このまま信長が天下を統一していれば、彼もまた功臣として名を残し、甲州で名君と讃えられていたのかもしれない。しかし、時代の荒波が彼に悲劇をもたらすことになる。本能寺の変が勃発し、主君・信長が横死。彼が仕えた嫡男・信忠も同時に討ち取られてしまう。主家の混乱により、新領主が着任して僅か2ヶ月の甲信地域は混乱のるつぼとなる。滝川一益と共に領地に残る選択をした秀隆だったが、彼が対処すべきは一揆を企む武田遺臣のみではなかった。その背後には武田領の併呑を目論む徳川家康がいたのである。

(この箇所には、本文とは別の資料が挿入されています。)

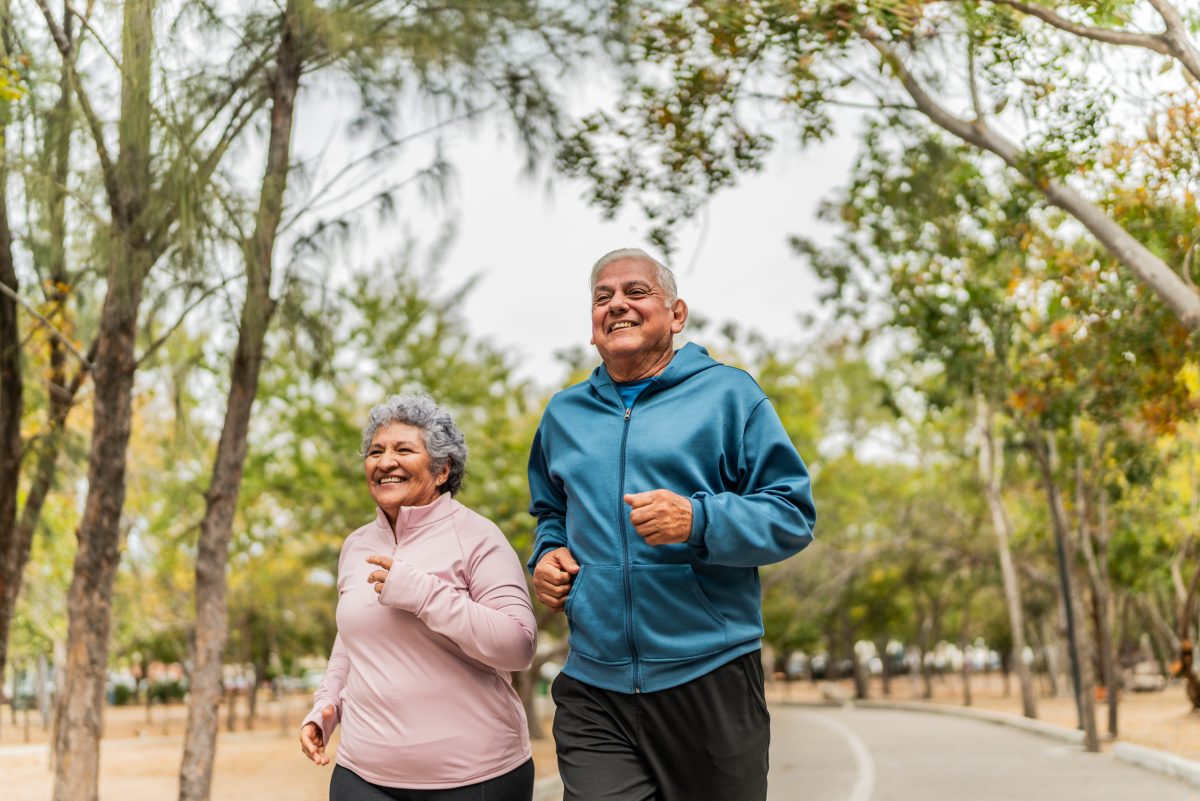Elderly couple jogging in a park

徳川家康は秀隆の元に本多忠政(信俊)を派遣。忠政は秀隆に上方への帰還を勧めたとされるが、この裏で別将が甲斐領内に安堵状の発給を進めるなど実効支配への準備を進めていることを察知していた秀隆はこれを拒否。忠政を斬殺する。しかし、これにより怒った忠政家臣は武田遺臣と結託し秀隆を襲撃。秀隆はここで落命する事となる。享年56。
その後、甲斐は徳川家康の領有する事となる。
前回の一益に続き、地味ながら織田家の天下統一を支えた功臣だった河尻秀隆。しかし、突然の変事に対応しきれず命を落とすことになってしまった。戦国の世を生き抜く難しさを、今回も痛感させられた。